Welcome to The Battery, Morecambe

 The Battery has been transformed from a run-down icon into thirteen state-of-the-art apartments which will be available as holiday lets later this year. Interested parties should get in touch. To discuss opportunities further please contact Ian on 07713 479 303.

No detail has been overlooked in the restoration work, with many original features brought back to life, including the magnificent staircase. Work has been taking place for five years now, as some of you may have seen when walking past.

We are offering the top 3 floors comprising of 8 apartments for rental (4 remaining) with the 5 apartments on the ground floor as holiday apartments available later this year.

The top floor apartments have outdoor balconies with fabulous views across The Bay, and all of the apartments at the front and West side of the building enjoy lovely sea views.

ITV have visited twice and are making a fifth series of The Bay; they are interested in an apartment for DI Manning!

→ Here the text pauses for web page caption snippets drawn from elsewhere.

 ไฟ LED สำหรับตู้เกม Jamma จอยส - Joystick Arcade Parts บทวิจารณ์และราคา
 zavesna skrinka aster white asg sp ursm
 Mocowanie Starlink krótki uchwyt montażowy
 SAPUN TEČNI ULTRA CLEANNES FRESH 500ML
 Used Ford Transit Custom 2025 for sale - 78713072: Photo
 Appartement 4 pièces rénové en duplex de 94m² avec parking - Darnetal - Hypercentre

What this space.

Restoration Gallery

2022

March 2021

January 2021

Tell YOUR Story

The restoration work on The Battery is very much about celebrating Morecambe’s past and bringing the physical aspect of the building back to life, making it fit for a new chapter.

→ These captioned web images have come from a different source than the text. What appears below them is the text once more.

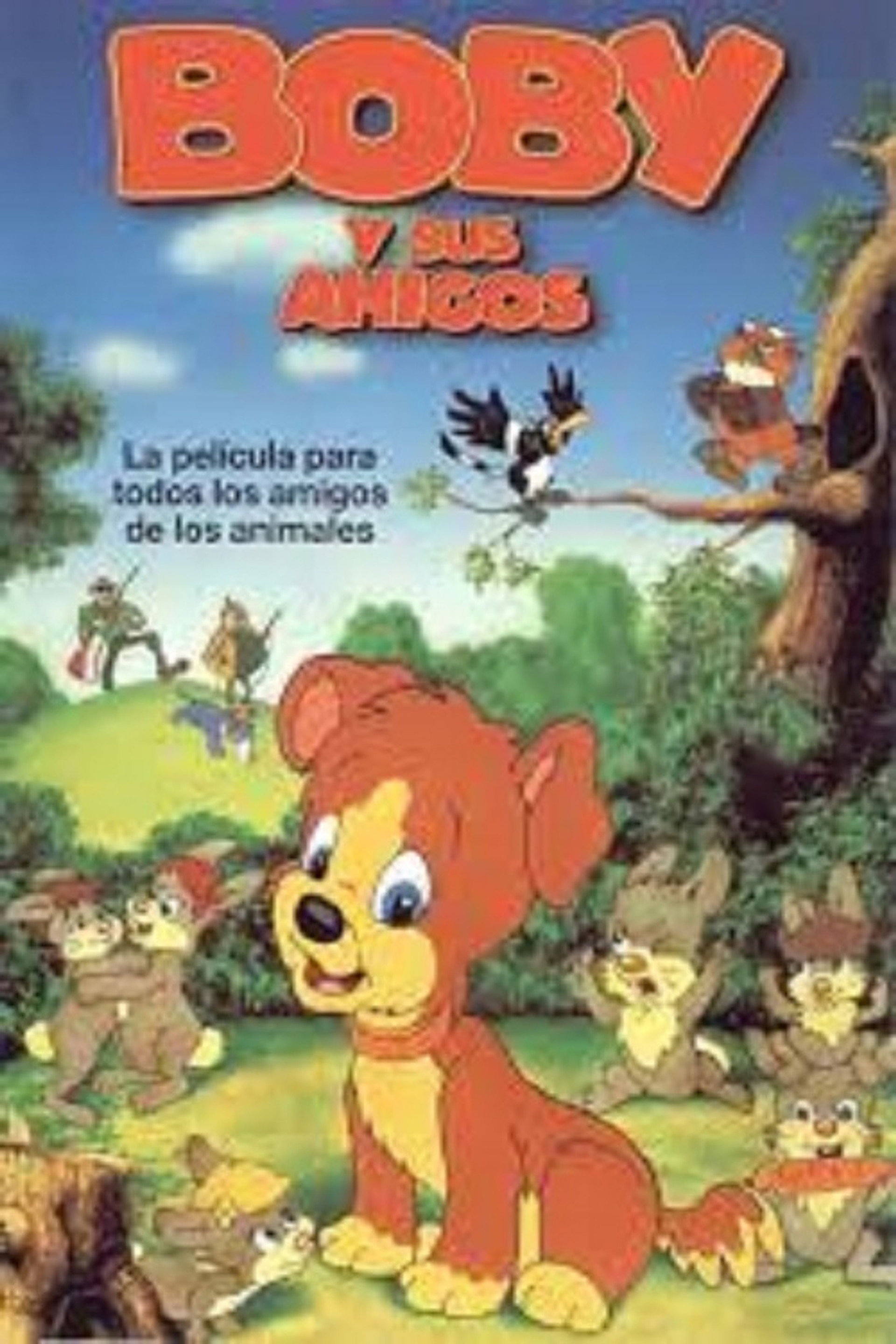 Boby y sus amigos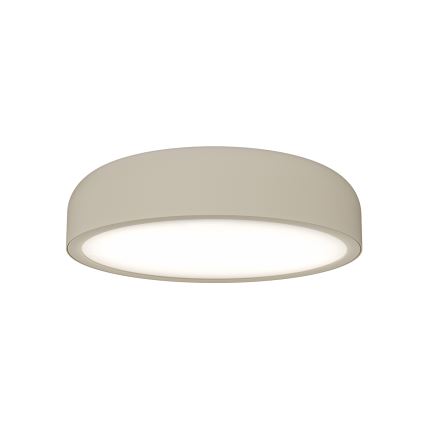 Open Design OR85938 - LED stropna svjetiljka CEDRONE, 14 W, 230 V, 3000/4500/6500 K, Ø 22 cm, u bež boji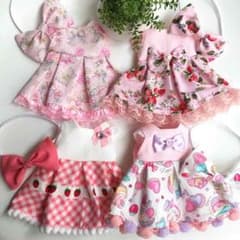 R♡様専用♡メルちゃんお洋服オーダーページ♡のサムネイル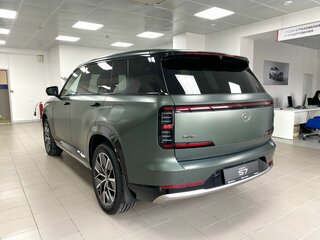 2025 GAC S7, зелёный, 6249000 рублей, вид 5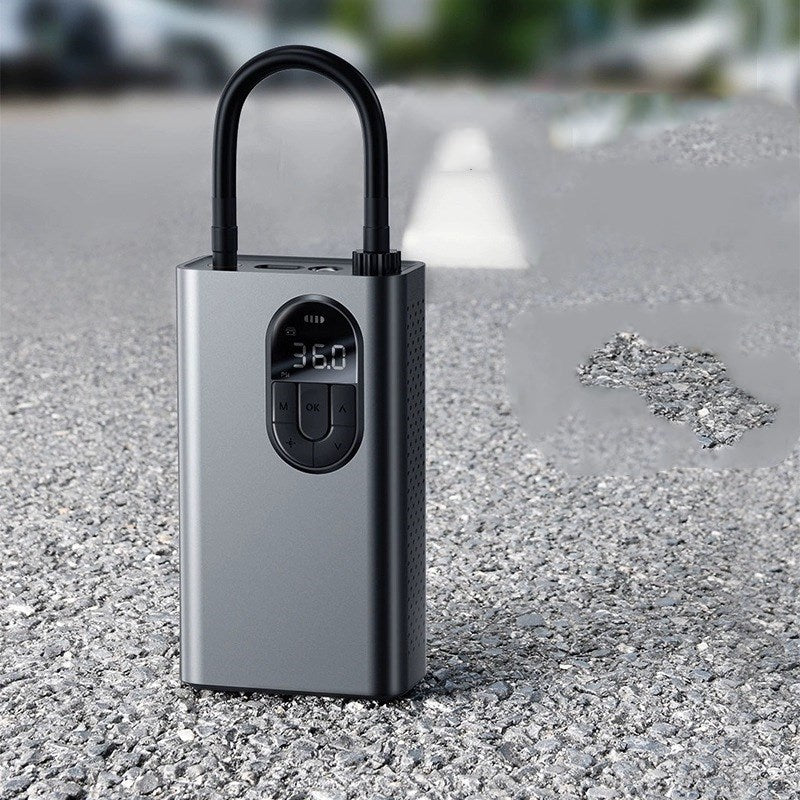 Car Tire Wireless Electric Pump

As part of this, we would love to hear your stories and memories of The Battery. If you have a story to tell (it can be anonymous), please submit it via the link below and we will create a section for them.

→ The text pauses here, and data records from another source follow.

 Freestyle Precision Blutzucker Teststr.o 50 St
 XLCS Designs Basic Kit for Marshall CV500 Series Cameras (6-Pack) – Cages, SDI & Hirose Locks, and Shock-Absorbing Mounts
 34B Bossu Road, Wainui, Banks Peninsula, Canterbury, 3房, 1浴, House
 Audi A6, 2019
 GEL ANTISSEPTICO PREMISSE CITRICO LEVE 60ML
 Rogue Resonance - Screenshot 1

At risk of stating the obvious, please don’t submit anything offensive as it will not be published. The idea is to share happy memories.

History of The Battery

The Battery Hotel, named after a gun Battery that was situated nearby and practised firing into the bay. See old map / picture.  The Battery has a unique location with views along the promenade and across the bay to the lake district.

Thwaites purchased the original Battery Inn, the white building and had the main sandstone building constructed around 1900. It operated as The Battery Hotel, with pub and later Harveys nightclub before falling on hard times and closing in the early 2000’s.

Thwaites had a feasibility study completed by local architects that suggested four possible uses for the site, all involved full demolition of the existing buildings. Originally going to be a basic conversion to flats, work commenced back in 2015 and should now be completed later this year.  Issues with lock down, other projects, re-siting the mobile phone mast have delayed work.  The cost of the restoration and development has trebled to nearly £2m with the development offering luxury accommodation including:-

  • Underfloor heating, Air source heat pumps and Karndean flooring with seven kilometres of underfloor heating pipework.
  • Mechanical ventilation heat recovery to provide a constant flow of clean Morecambe Bay air with recycled heat.
  • Two kilometres of plaster cornicing refitted, some copied from the few remaining examples.
  • Solar panels installed into the new slate roof.
  • Ten tonnes of new steelwork installed to create two unique penthouse apartments with balconies.
  • Fifty thousand pounds worth of new cut stone sourced to restore the building and repointed in lime mortar matched to the original colour.
  • Two thousand man hours to restore the oak staircase and original walnut front doors.
  • Top end kitchens, designer bathrooms and exposed brickwork to add a modern twist.
  • All timber from the site has been restored and recycled where possible including stair restoration, skirting, architraves, window panelling etc.
  • The building is super insulated, with the inside of external walls having 150mm of solid foil back and spray-foam insulation to provide near Passivhaus standards.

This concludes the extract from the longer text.